[Exercise aim]: Faithfully repeat each entry below, minus the pictures.

▼

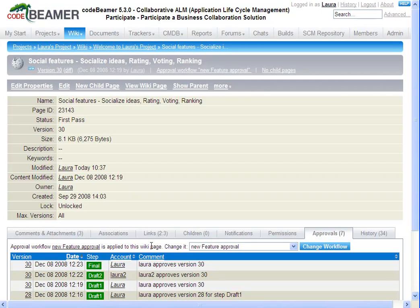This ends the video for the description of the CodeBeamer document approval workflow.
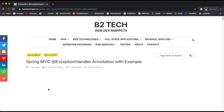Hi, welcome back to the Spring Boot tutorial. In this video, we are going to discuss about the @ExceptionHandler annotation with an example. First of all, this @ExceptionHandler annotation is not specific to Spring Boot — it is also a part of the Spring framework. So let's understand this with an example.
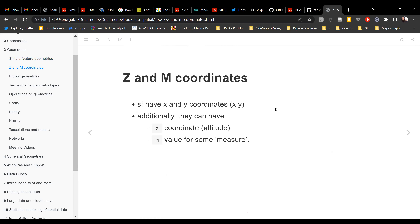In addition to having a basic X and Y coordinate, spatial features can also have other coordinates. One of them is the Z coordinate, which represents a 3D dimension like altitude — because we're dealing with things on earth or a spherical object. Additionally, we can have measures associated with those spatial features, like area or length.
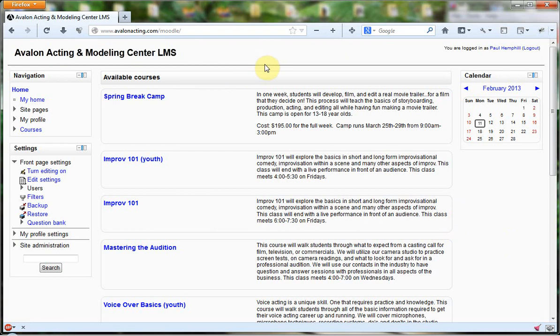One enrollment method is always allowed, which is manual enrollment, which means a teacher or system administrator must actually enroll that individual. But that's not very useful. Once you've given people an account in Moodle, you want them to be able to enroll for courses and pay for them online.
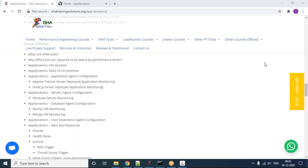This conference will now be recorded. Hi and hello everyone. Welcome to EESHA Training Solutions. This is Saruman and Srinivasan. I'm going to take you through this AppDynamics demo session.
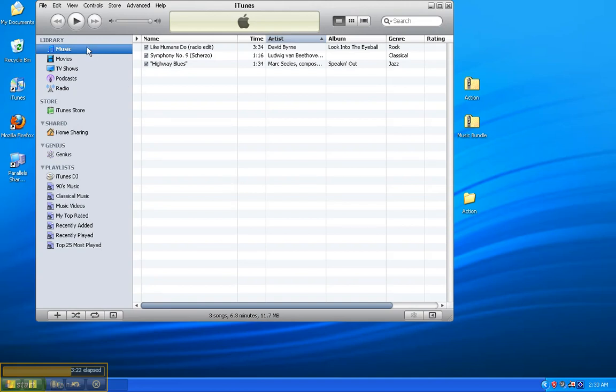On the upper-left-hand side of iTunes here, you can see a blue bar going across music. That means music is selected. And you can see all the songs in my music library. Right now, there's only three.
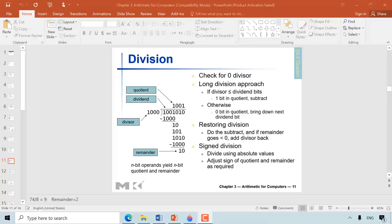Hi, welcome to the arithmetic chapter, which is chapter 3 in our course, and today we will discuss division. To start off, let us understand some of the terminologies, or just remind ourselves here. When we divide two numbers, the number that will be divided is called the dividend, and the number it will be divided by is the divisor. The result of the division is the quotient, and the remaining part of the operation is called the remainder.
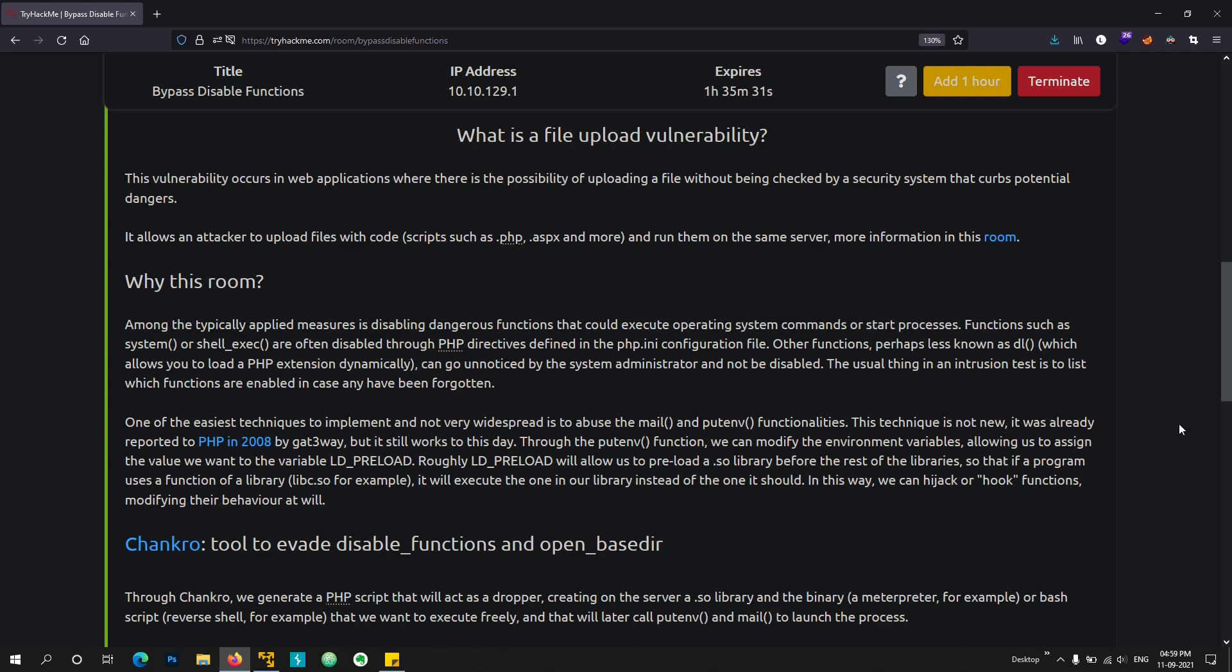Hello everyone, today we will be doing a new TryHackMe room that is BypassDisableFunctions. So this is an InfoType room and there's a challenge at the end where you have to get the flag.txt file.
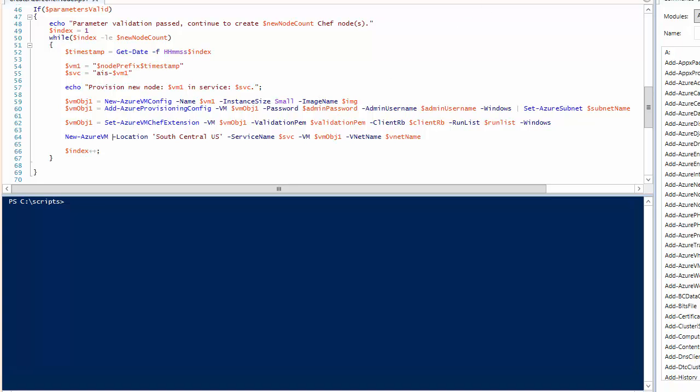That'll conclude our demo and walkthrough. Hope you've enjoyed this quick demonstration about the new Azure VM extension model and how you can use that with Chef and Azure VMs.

▲

[Response area]:
This ends the video for the description of the CodeBeamer document approval workflow.
Hi, welcome back to the Spring Boot tutorial. In this video, we are going to discuss about the @ExceptionHandler annotation with an example. First of all, this @ExceptionHandler annotation is not specific to Spring Boot — it is also a part of the Spring framework. So let's understand this with an example.
In addition to having a basic X and Y coordinate, spatial features can also have other coordinates. One of them is the Z coordinate, which represents a 3D dimension like altitude — because we're dealing with things on earth or a spherical object. Additionally, we can have measures associated with those spatial features, like area or length.
One enrollment method is always allowed, which is manual enrollment, which means a teacher or system administrator must actually enroll that individual. But that's not very useful. Once you've given people an account in Moodle, you want them to be able to enroll for courses and pay for them online.
This conference will now be recorded. Hi and hello everyone. Welcome to EESHA Training Solutions. This is Saruman and Srinivasan. I'm going to take you through this AppDynamics demo session.
On the upper-left-hand side of iTunes here, you can see a blue bar going across music. That means music is selected. And you can see all the songs in my music library. Right now, there's only three.
Hi, welcome to the arithmetic chapter, which is chapter 3 in our course, and today we will discuss division. To start off, let us understand some of the terminologies, or just remind ourselves here. When we divide two numbers, the number that will be divided is called the dividend, and the number it will be divided by is the divisor. The result of the division is the quotient, and the remaining part of the operation is called the remainder.
Hello everyone, today we will be doing a new TryHackMe room that is BypassDisableFunctions. So this is an InfoType room and there's a challenge at the end where you have to get the flag.txt file.
That'll conclude our demo and walkthrough. Hope you've enjoyed this quick demonstration about the new Azure VM extension model and how you can use that with Chef and Azure VMs.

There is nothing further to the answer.